Exercise details:
Could you write out the records exactly as they are given?

Extracted data:
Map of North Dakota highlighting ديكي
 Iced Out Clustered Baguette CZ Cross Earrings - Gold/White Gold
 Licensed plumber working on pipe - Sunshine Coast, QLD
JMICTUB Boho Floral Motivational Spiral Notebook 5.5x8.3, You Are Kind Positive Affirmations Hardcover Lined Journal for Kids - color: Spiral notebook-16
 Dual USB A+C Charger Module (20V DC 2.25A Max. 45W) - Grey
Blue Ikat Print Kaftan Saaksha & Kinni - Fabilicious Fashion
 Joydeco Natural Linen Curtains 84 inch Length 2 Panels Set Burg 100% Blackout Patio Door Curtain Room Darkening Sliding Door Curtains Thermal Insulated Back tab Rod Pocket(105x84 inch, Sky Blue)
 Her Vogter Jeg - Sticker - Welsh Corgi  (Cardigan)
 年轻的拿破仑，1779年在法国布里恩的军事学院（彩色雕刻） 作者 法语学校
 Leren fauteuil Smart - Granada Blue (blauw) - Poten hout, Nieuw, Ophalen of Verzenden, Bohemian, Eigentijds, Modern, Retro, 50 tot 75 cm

Your solution:
Map of North Dakota highlighting ديكي
 Iced Out Clustered Baguette CZ Cross Earrings - Gold/White Gold
 Licensed plumber working on pipe - Sunshine Coast, QLD
JMICTUB Boho Floral Motivational Spiral Notebook 5.5x8.3, You Are Kind Positive Affirmations Hardcover Lined Journal for Kids - color: Spiral notebook-16
 Dual USB A+C Charger Module (20V DC 2.25A Max. 45W) - Grey
Blue Ikat Print Kaftan Saaksha & Kinni - Fabilicious Fashion
 Joydeco Natural Linen Curtains 84 inch Length 2 Panels Set Burg 100% Blackout Patio Door Curtain Room Darkening Sliding Door Curtains Thermal Insulated Back tab Rod Pocket(105x84 inch, Sky Blue)
 Her Vogter Jeg - Sticker - Welsh Corgi  (Cardigan)
 年轻的拿破仑，1779年在法国布里恩的军事学院（彩色雕刻） 作者 法语学校
 Leren fauteuil Smart - Granada Blue (blauw) - Poten hout, Nieuw, Ophalen of Verzenden, Bohemian, Eigentijds, Modern, Retro, 50 tot 75 cm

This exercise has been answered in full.